Exercise description: All lines from the one containing "MARSRIZON trademark" through the end of the data below are to be transcribed exactly. Leave out the rest.

Dataset records
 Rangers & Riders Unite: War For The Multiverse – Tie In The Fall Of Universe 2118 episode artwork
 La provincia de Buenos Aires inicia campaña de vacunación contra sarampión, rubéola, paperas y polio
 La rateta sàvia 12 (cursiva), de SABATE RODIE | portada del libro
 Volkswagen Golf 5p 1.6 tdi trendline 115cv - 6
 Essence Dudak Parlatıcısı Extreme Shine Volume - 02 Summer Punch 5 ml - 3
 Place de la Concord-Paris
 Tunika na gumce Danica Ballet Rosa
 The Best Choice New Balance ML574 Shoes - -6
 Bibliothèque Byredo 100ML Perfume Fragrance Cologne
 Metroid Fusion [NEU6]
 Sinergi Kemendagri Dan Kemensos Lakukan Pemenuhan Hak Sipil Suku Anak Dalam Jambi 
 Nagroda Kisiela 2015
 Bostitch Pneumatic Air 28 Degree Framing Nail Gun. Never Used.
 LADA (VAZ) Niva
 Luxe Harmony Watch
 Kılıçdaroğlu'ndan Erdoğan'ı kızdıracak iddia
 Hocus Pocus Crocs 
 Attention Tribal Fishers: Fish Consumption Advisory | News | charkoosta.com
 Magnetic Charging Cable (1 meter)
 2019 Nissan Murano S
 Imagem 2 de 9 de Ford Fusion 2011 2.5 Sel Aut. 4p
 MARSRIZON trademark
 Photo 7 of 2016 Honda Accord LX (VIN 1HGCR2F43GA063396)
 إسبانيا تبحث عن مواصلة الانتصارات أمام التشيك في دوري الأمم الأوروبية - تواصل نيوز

Task solution:
 MARSRIZON trademark
 Photo 7 of 2016 Honda Accord LX (VIN 1HGCR2F43GA063396)
 إسبانيا تبحث عن مواصلة الانتصارات أمام التشيك في دوري الأمم الأوروبية - تواصل نيوز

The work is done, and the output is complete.